A minimal systems prototype showing how software can explicitly bind hot data to SRAM-like regions instead of relying on implicit cache behavior.
Includes:
- mock SRAM backend (portable)
- Linux /dev/mem MMIO backend
- prototype mem_hint API
🌐 Live microsite: https://manishklach.github.io/sram-interface-demo/
The repository includes architecture-specific helpers for exploring the interaction between software and the memory hierarchy:
- Barriers: Strict ordering for MMIO/SRAM apertures.
- Timing: Cycle-accurate measurement using
rdtscorcntvct. - Cache Hints: Manual control via
clflushandprefetchinstructions. - Virtual Memory: Educational demos of TLB and Page Table concepts.
Warning: This repository does not directly control page tables or TLBs from user-space. These experiments are for educational and architectural demonstration only. Detailed notes are available in docs/cache_tlb_notes.md.
This prototype exposes a thin software-visible control plane over SRAM-style memory, instead of relying purely on implicit cache behavior.
Standard CPUs hide memory placement behind multiple layers of abstraction (caches, coherence protocols, and speculative execution). While efficient for general-purpose workloads, this model breaks down for:
- KV-cache heavy inference: Where deterministic residency prevents tail latency spikes.
- Tensor tiling: Where explicit staging overlaps computation with data movement.
- Multi-tier memory systems: Where placement between SRAM, HBM, and CXL must be software-directed.
This repository explores a different idea: explicit software-directed residency in fast memory.
- A small prototype of a memory control plane.

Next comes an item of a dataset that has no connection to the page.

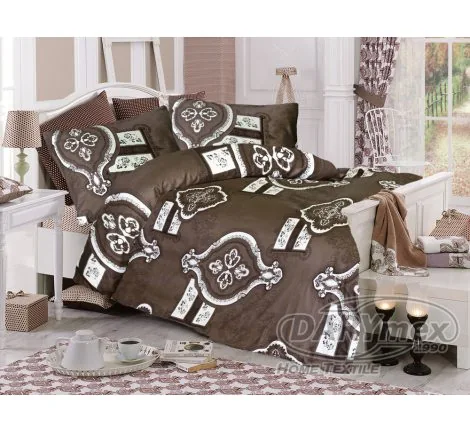 Komplet pościeli satynowej 180x200 Noble Brown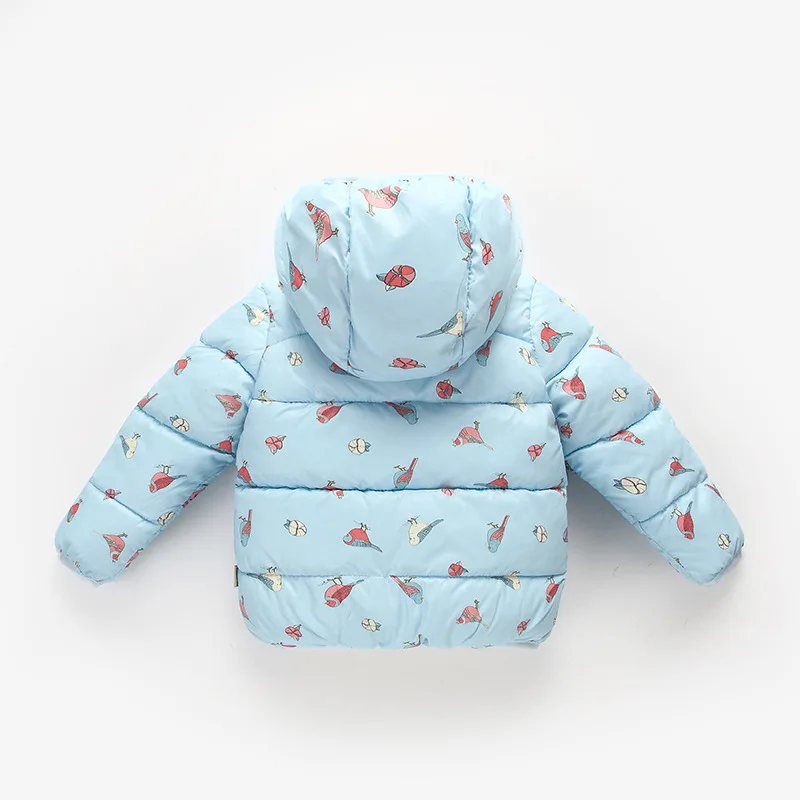 Новое Детское хлопковое пальто на осень и зиму хлопковая короткая утепленная куртка с капюшоном для мальчиков и девочек Лидер продаж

- An educational systems demo for hardware/software co-design.
- A demonstration of explicit residency control.
- Not a production-ready memory driver.
- Not a kernel-level manager (though it explores the interface).
- Not a replacement for standard CPU caches or coherence.
Build and run the demo on any environment (defaults to Mock mode):
make
./sram_demo[mem_hint] reserve "kv_tile_0"
[mem_hint] bind → SRAM offset 0x100
[mem_hint] write → 39 bytes
[mem_hint] readback → verified ✔
The most important part of interacting with SRAM/MMIO isn’t the store—it’s the ordering.
static inline void sram_barrier(void) {
#if defined(__x86_64__)
__asm__ volatile("mfence" ::: "memory");
#elif defined(__aarch64__)
__asm__ volatile("dmb sy" ::: "memory");
#else
__sync_synchronize();
#endif
}For MMIO/SRAM apertures, we follow an ordered pattern:
barrier → store/load → barrier
Without these architecture-specific instructions, CPU reordering can break correctness by allowing the hardware to observe a "ready" bit before the data payload has actually reached the aperture.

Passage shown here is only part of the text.